Memory addressing/architecture and system responsiveness

Uniballer · Aug 27, 2014

In the 1980s, I recall shipping a bunch of systems based on PDP-11/23's and /53's, the occasional 11/44 or /73. A Q-bus -11 with 512KB and an ST-506 interfaced disk running RSX11M-PLUS was pretty responsive. You could easily put 1/2 dozen or more people on it and none of them would complain that it was too slow, because loading a new program (task image) selected from a menu happened pretty fast. Small VAXen or UNIX boxes needed a lot more hardware capability to get anywhere close to that level of responsiveness. How come?

One thing that the RSX11 family did (and RT-11, too), is that task images, both in memory and as files, are generally contiguous (shared libraries, shared regions, and supervisor mode libraries didn't change the overall picture much). So when you are ready to load a task into memory you first allocate a contiguous block of RAM, then you find the file on disk and tell the disk driver to DMA it right into place, hook up the TCB and task header, and go. No scatter/gather I/O. No faulting the image into memory. So the process of starting a new task is way faster than on VMS or UNIX or Windows. I don't know enough about how TOPS-10 did things to compare that system, but that seemed pretty responsive, too. Of course, there were costs to doing this, too (remember the SHUFFLER that ran when RSX11 couldn't find enough contiguous RAM: it moved task images and so on around trying to make big enough holes to fit in more tasks. And you had to swap complete tasks out rather than just memory pages that weren't getting used).

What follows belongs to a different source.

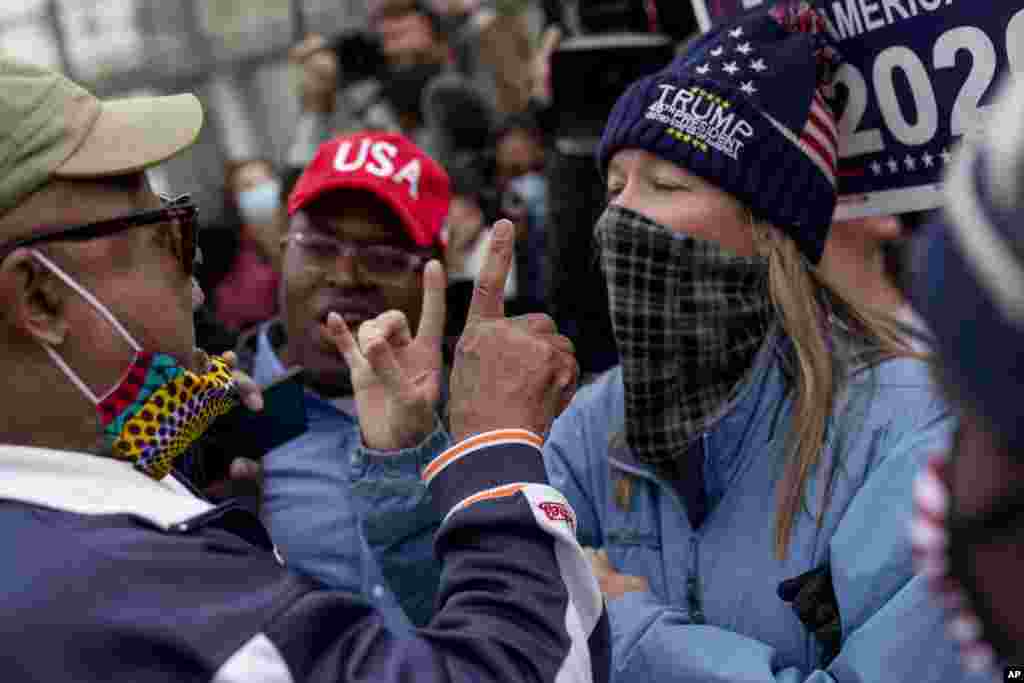 U.S. President Donald Trump&#39;s supporters, right, argues with a counter protester, left, as they protest election results outside the central counting board at the TCF Center in Detroit, Michigan.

I was thinking about how responsive a general-purpose system you could build based on current PC hardware and this kind of memory/filesystem architecture. Certainly, you could build a file system with contiguous files, but it would need the kind of maintenance that ODS-1 filesystems needed (frequent defragmentation, etc.). But would you really want to implement a memory management scheme that managed contiguous blocks of RAM, then updated page tables to make the thing go? With 64K or so task images this is not so bad, but the system I am on right now says my firefox browser process has 290MB resident, out of a total image of 733MB. You could easily build a system that just grabbed pages from a free list as needed, and did not allow page faulting to occur (i.e. all pages are resident), but this seems to me that it would lose the benefit of fast image loading because you need to load all those scattered pages before a task can be started. I guess if the allocated pages were big enough this wouldn't hurt too much (64K?), but wasted RAM is still an issue (isn't it)?

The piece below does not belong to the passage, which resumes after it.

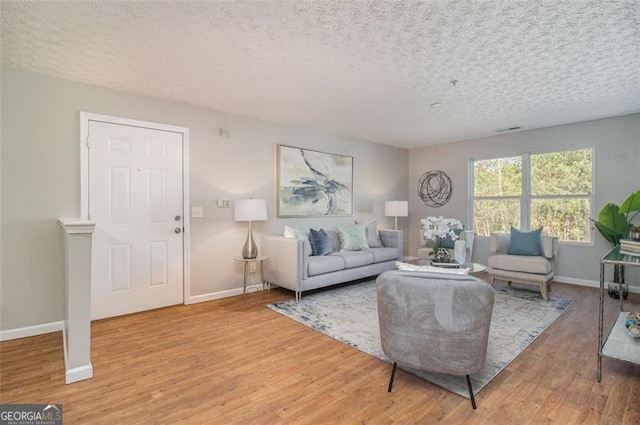living area with visible vents, light wood-style flooring, baseboards, and a textured ceiling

Certainly, embedded systems with tiny to medium filesystems can be quite responsive (everything important is resident in memory), but can you scale up the kind of historical O/S memory/filesystem architecture I am talking about to general purpose computing with the kind of programs we now have? Or has that ship sailed forever? Has the cost of hardware dropped to the point that it just doesn't matter much anymore? What do you think?

Chuck(G) · Aug 27, 2014

Real memory (not virtual) persisted for quite a long time (right into the 80s) even on large machines. Program implementation has to be performed to work with it, however. So you leave memory management of a program to itself and overlay or segment code, use memory-resident tables for large data. This can be very efficient, but a bother to code. On the other hand, if you leave paging to the operating system to manage, you can end up with inefficient code. but easily implemented. Consider, for example DOS/360--the supervisor can run in as little as 8KB, but there are hundreds of transients. This does have the advantage that a relatively small addressing space is needed.

There are disk systems that never need automatic defragmentation. These either rely on pre-declaring the estimated size of a file (with perhaps a limited option for extending it and also returning excess space. If files reach their size limit, you allocate a new one and copy data over, then delete the old one. This works well when data is mostly static and its maximum size is known.

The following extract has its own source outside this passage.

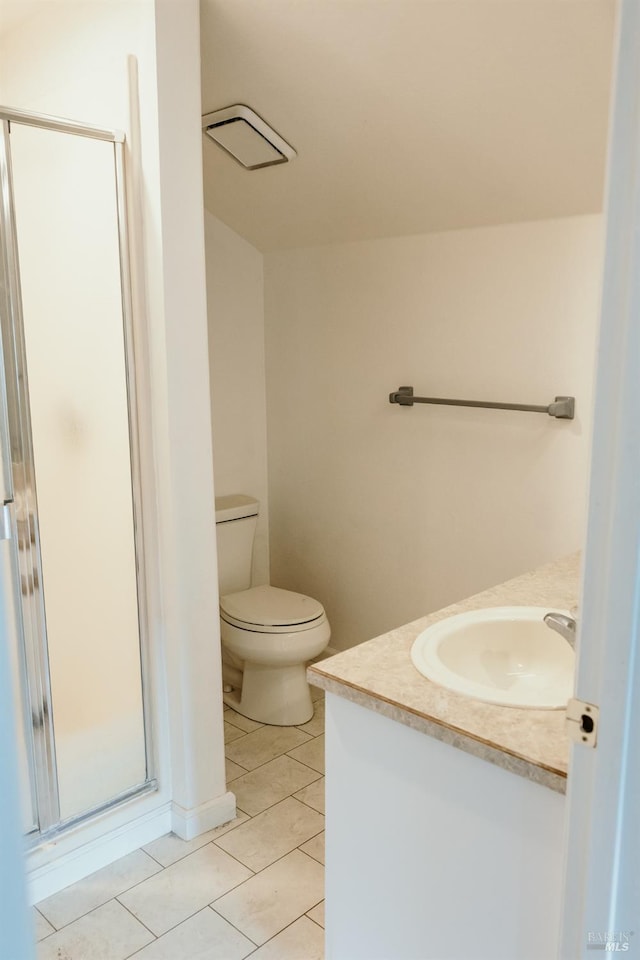 bathroom featuring tile patterned floors, vanity, toilet, and walk in shower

Or, if you're on a multi-programmed system, never de-fragmenting--just satisfy the closest requests for disk I/O first and let the individual programs fight it out.

I've worked with both these types of systems. I don't know if they'd work well with modern bloated code, however.

JDallas · Aug 27, 2014

Bloat-ware is certainly a problem in such a system, but it might be worth consideration for a system on a eZ80 with 16MB in address space with memory banking. Considering that an 8MB Nor-Flash rom only costs about $1.20 in small volume, you could easily bank it ready-to-go image code, to run directly in support of a user-page with a wait state or two at 50Mhz, or simply copy it quickly into a static RAM chip (@$4.50 per 512KB) and run it at full speed.

I personally think that an eZ80 design is better with all silicon memory and perhaps a Sata drive on a shared server link... but I'd expect that demand would be high for a SATA drive, so thinking about a new way to manage that data wisely could be useful.

It would be nice to design a new operating system for a more medium application than to be forced to use overloaded PCs running meltdown core processors for simple tasks. Something closer to the CP/M origins and less from the Windows end of the spectrum.

Uniballer · Aug 27, 2014

Chuck(G) said:
Real memory (not virtual) persisted for quite a long time (right into the 80s) even on large machines. Program implementation has to be performed to work with it, however. So you leave memory management of a program to itself and overlay or segment code, use memory-resident tables for large data. This can be very efficient, but a bother to code. On the other hand, if you leave paging to the operating system to manage, you can end up with inefficient code. but easily implemented. Consider, for example DOS/360--the supervisor can run in as little as 8KB, but there are hundreds of transients. This does have the advantage that a relatively small addressing space is needed.

Yes. I recall having to deal with overlays and other small address space hassles as the worst part of programming the PDP-11. But even on the PDP-11 under RSX user-mode code only dealt with virtual (i.e. translated) addresses; but only 64K of them + I/D space. And everything was resident, so there was no demand paging. Of course you could remap addresses in certain ways (e.g. managing "large" data in memory by remapping as needed), send part of your address space by reference to another task, etc.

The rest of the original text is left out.